Exploring the role of grounded relationship quality and loyal customer contribution in the satisfaction-loyalty chain in ongoing service relationships

Open Access
- Author:
- Hermans, Olaf
- Graduate Program:
- Hospitality Management
- Degree:
- Doctor of Philosophy
- Document Type:
- Dissertation
- Date of Defense:
- November 07, 2018
- Committee Members:
- Hubert Van Hoof, Dissertation Advisor/Co-Advisor
Anna S Mattila, Committee Chair/Co-Chair
Donna L Quadri-Felitti, Committee Member
Michael J Tews, Jr., Committee Member
Denise Haunani Solomon, Outside Member - Keywords:
- service relationships
loyalty
relationship quality
satisfaction
co-ownership
dyads - Abstract:
- This study revisits the customer loyalty debate in ongoing service relationships. The current loyalty paradigm of relationship marketing is the satisfaction-loyalty chain, in which customer loyalty is a one-dimensional concept of intensive usage and promotion (Zeithaml, Berry & Parasuraman, 1996), and in which customer satisfaction, trust and commitment form the full mediation mechanism between any service or relational stimulus and customer loyalty (e.g. Aurier & N’Goala, 2010). Besides being a loyal customer, customers can also contribute to the customer experience and the service organization by fulfilling a variety of organizational roles and functions (e.g.

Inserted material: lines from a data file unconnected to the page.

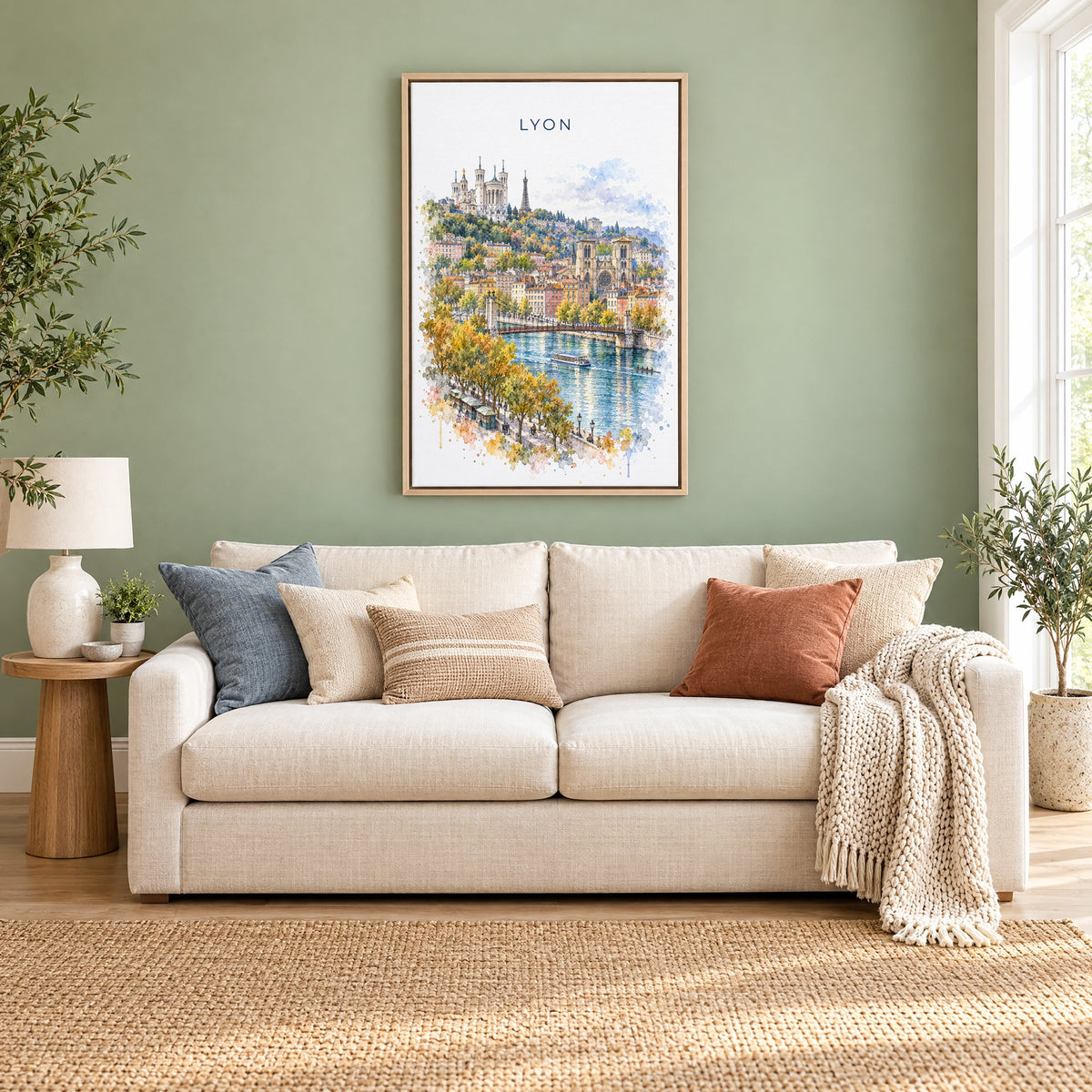 Lyon watercolor print as a natural floater canvas above a cream linen sofa on a sage green wall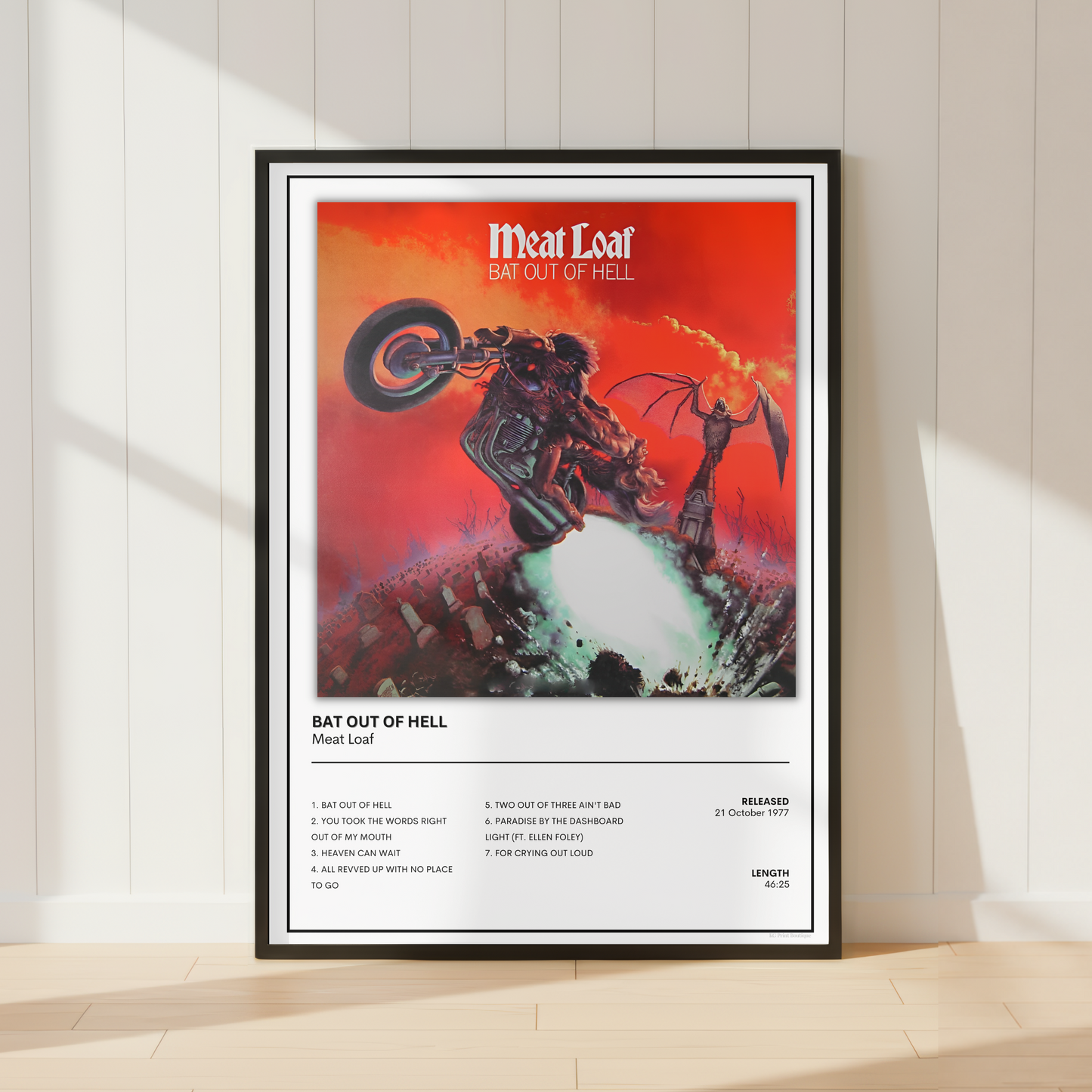 A framed poster of the Meat Loaf's album 'Bat Out of Hell' leaning against a white paneled wall on a light wood floor, with soft window shadows cast across the scene.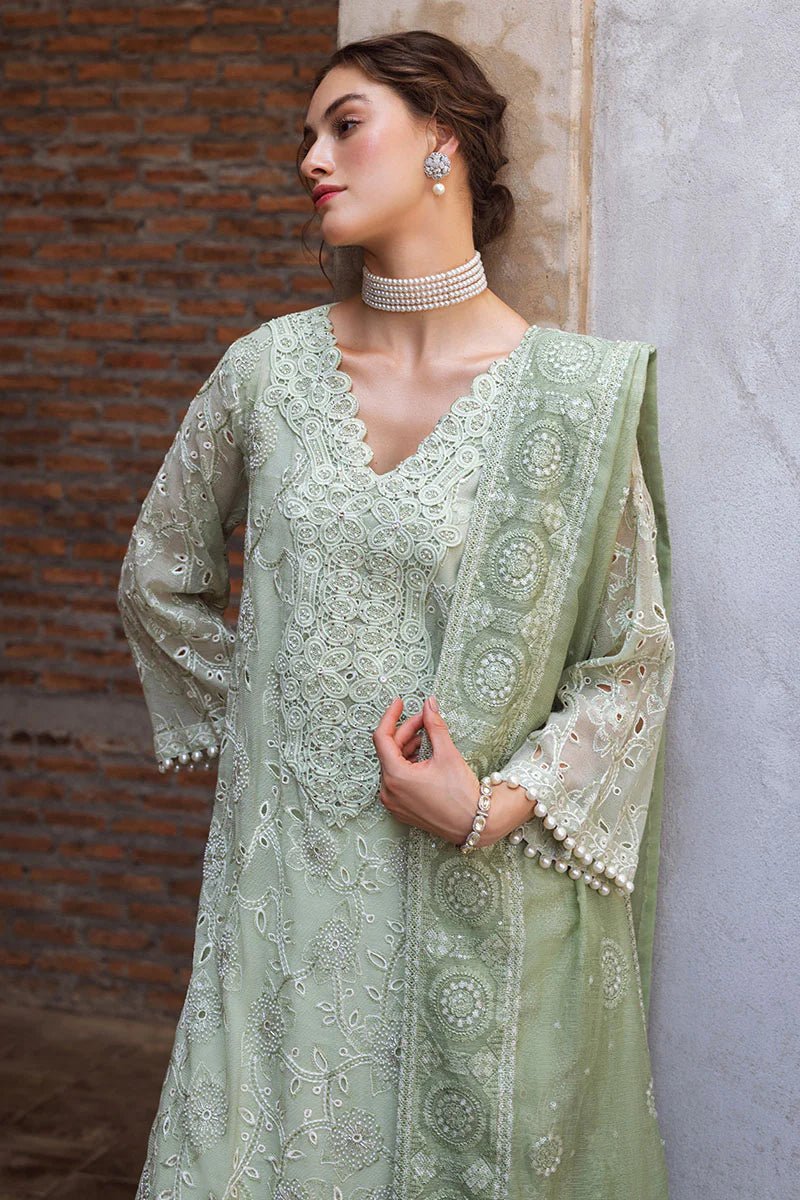 Model wearing Dhara dress from Mushq's Saugaat Chickenkari Pret collection. Pakistani clothes online in the UK at Signature Labels.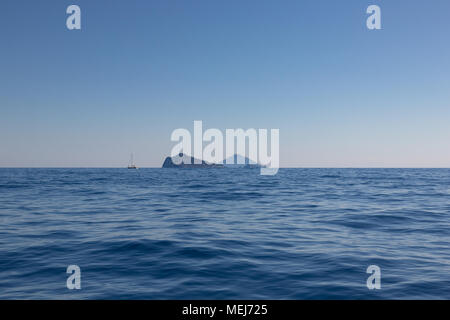 View of the Aeolian islands Panarea and Stromboli shot over the horizon Stock Photo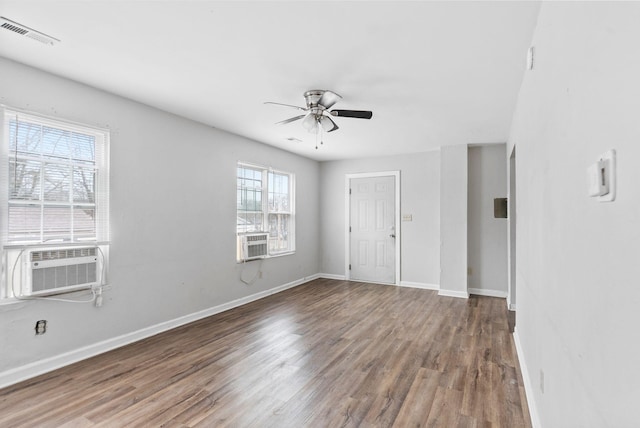 empty room with visible vents, a ceiling fan, wood finished floors, cooling unit, and baseboards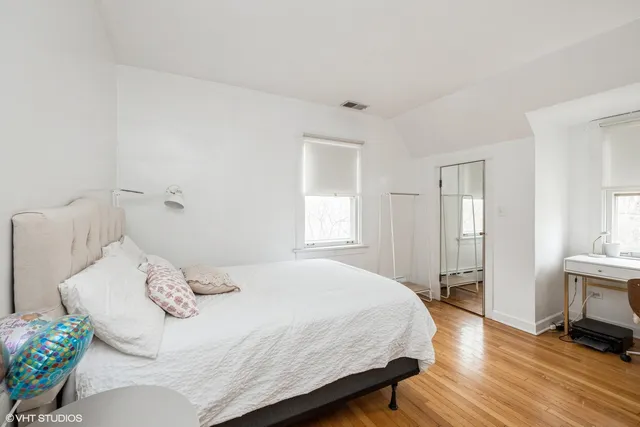 a bedroom with a bed table and a window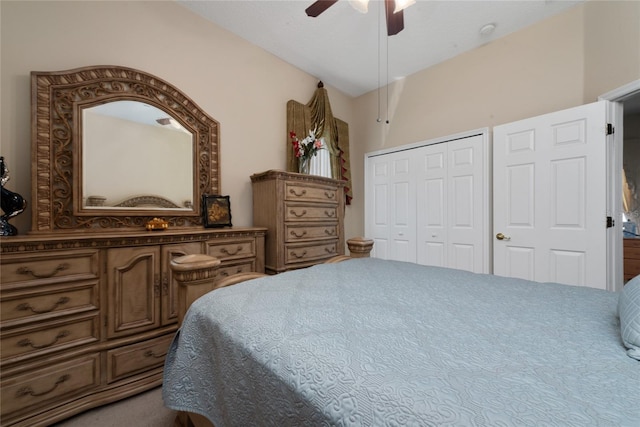 bedroom featuring vaulted ceiling, a closet, ceiling fan, and carpet floors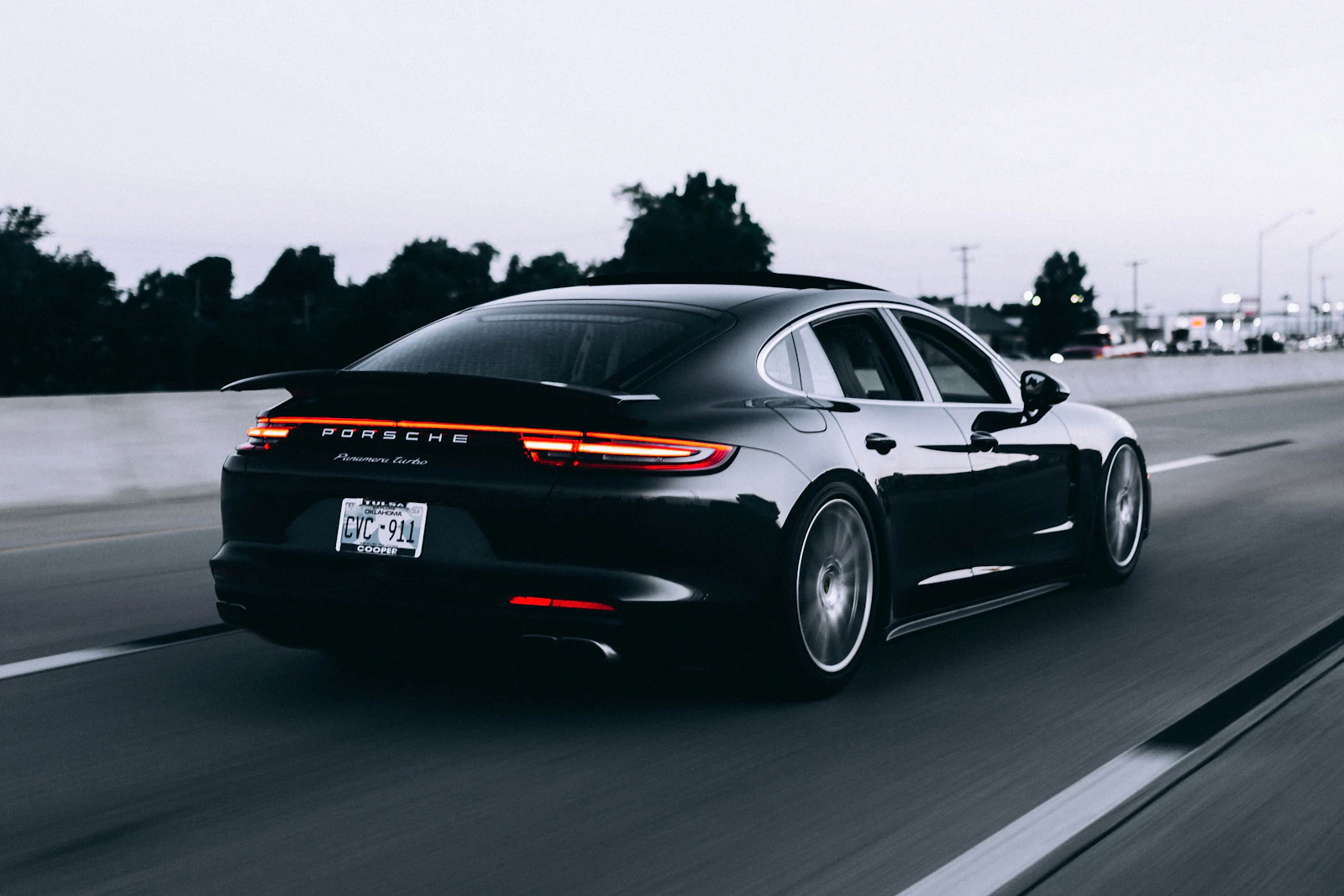 A black sports car speeding along a motorway at dusk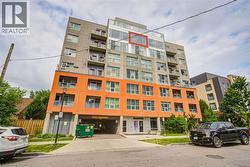 Modern multi-story building featuring a distinctive orange and gray facade - 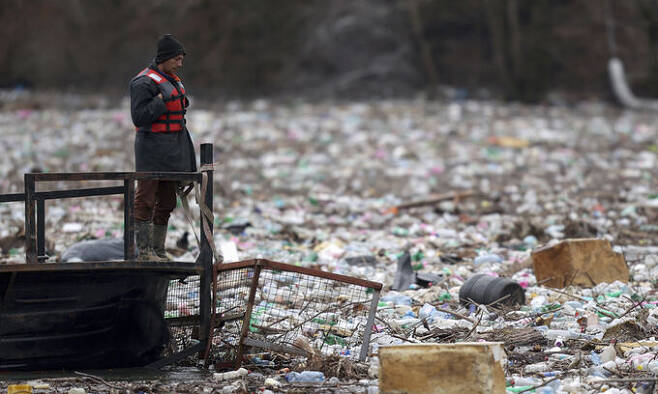세르비아 림강에 떠내려온 플라스틱 폐기물이 가득 쌓여 있다. 전 세계 플라스틱 쓰레기 중 9%만 재활용되는 현실 속에 존 도어는 2050년까지 플라스틱의 온실가스 배출량을 80%까지 낮추는 것을 목표로 제시한다. AP연합뉴스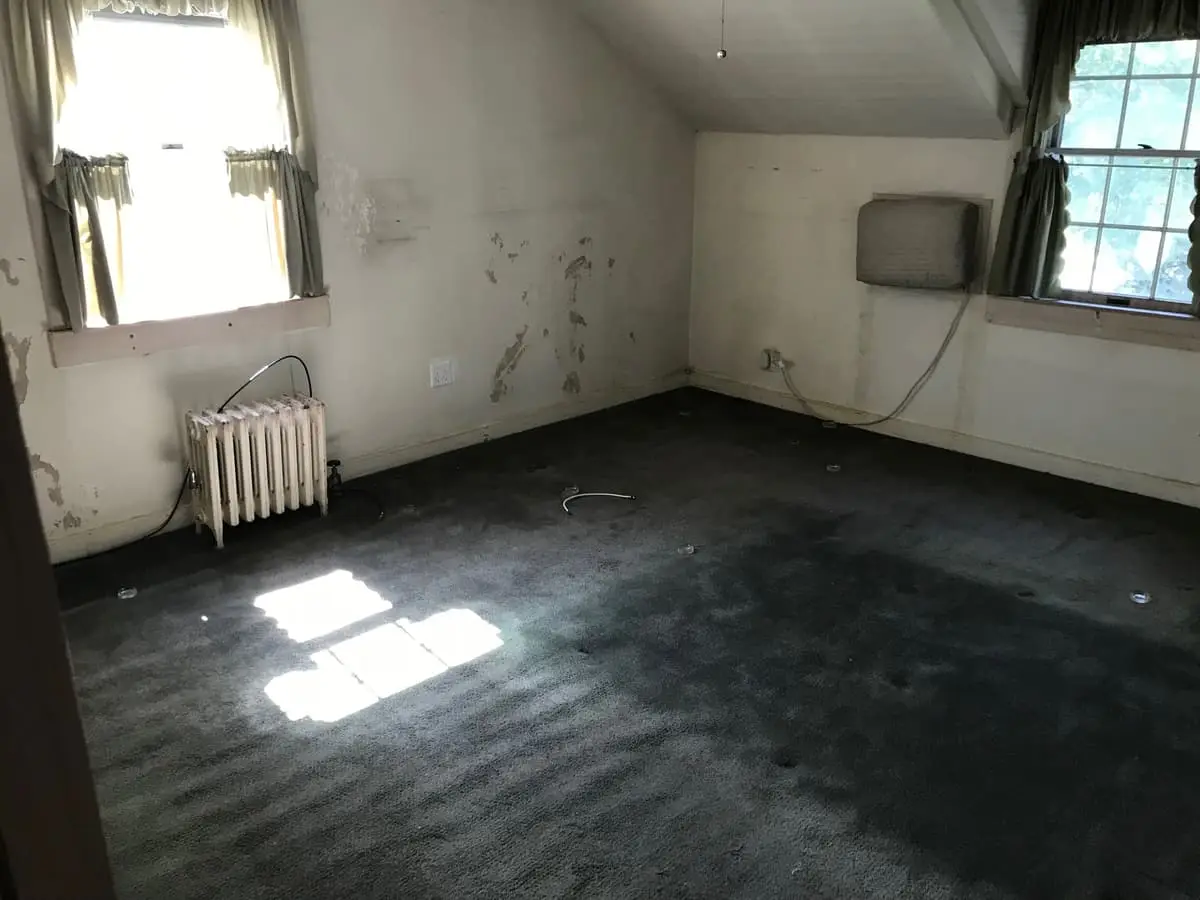 Selling a house after a life change in Lindenhurst: empty attic bedroom with dark carpet and an old radiator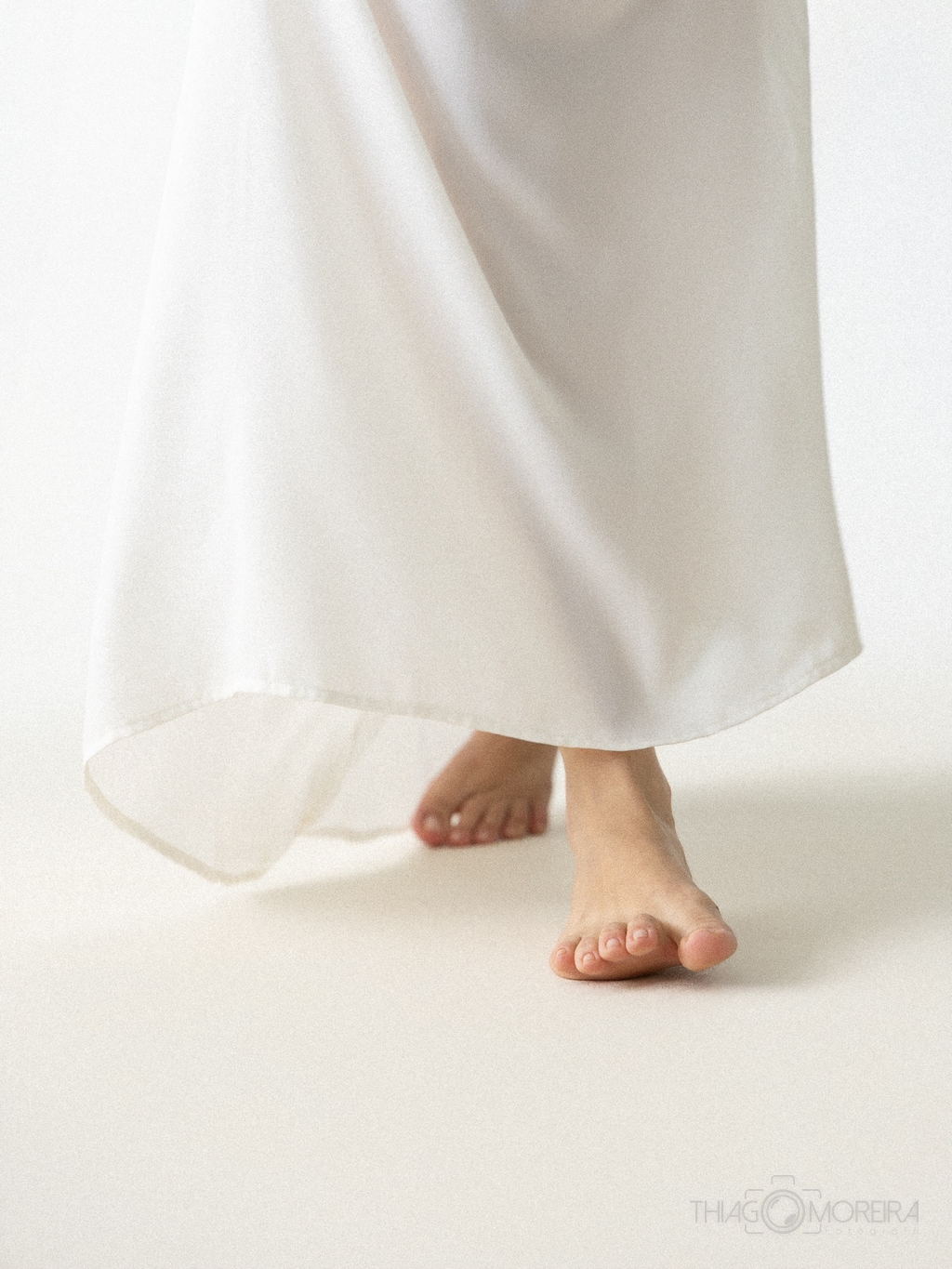 Detalhe dos pés descalços de uma gestante sob a barra de um vestido longo branco, em ensaio de estúdio branco sobre branco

Fliess, Dyck & Smelter, 2014). This study theorized and found empirical support that, in ongoing service relationships, 1) A customer’s self-reported contribution behaviors that are motivated in loyalty (Loyal Contribution) constitute an expression of loyalty which is independent from the traditional loyalty concept contained in the satisfaction-loyalty chain. 2) Grounded Relationship Quality, defined as the degree to which customers meta-cognitively qualify their ongoing service relationship as one in which structural relationship qualities are concretely constructed and enacted together with the service organization, effectuates a direct effect on Loyal Contribution, with no mediation role for satisfaction, trust, commitment or loyalty. 3) Grounded Relationship Quality is an important mediator of the effect of customer trust on customer commitment. This study is also original in having observed that not commitment but overall customer satisfaction is the strongest driver of traditional loyalty in ongoing service relationships, whereby trust and commitment are key attributes and key antecedents of overall satisfaction. The empirically validated model of primary structural relationships shows the key theoretical implication of this study: in ongoing service relationships customers’ mental relationship states between satisfaction and loyalty should be studied as an ‘omni-directional plane,’ rather than as a ‘one-directional chain.’ This plane is defined by the two dimensions of customer contribution and psychological distance, and is referred to as the “State of Relationship.”